Top of DATA FOR PROCESSING

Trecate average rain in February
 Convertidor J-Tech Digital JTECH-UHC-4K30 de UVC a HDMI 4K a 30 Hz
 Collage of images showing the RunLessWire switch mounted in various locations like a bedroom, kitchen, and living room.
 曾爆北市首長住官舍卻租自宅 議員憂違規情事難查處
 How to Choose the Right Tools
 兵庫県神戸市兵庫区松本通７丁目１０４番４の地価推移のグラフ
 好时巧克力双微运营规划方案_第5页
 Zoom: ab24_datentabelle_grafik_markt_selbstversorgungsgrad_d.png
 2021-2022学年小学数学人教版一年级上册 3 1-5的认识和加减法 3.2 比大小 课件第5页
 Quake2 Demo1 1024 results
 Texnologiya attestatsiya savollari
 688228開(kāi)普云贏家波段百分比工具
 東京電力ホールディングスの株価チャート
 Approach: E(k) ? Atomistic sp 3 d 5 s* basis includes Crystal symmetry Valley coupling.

Bottom of DATA FOR PROCESSING

* [DIRECTIONS]:
Nothing should appear in the answer except the lines from the one with "好时巧克力双微运营规划方案_第5页" through the final line of the records, written exactly.

* [SOLUTION BELOW]:
 好时巧克力双微运营规划方案_第5页
 Zoom: ab24_datentabelle_grafik_markt_selbstversorgungsgrad_d.png
 2021-2022学年小学数学人教版一年级上册 3 1-5的认识和加减法 3.2 比大小 课件第5页
 Quake2 Demo1 1024 results
 Texnologiya attestatsiya savollari
 688228開(kāi)普云贏家波段百分比工具
 東京電力ホールディングスの株価チャート
 Approach: E(k) ? Atomistic sp 3 d 5 s* basis includes Crystal symmetry Valley coupling.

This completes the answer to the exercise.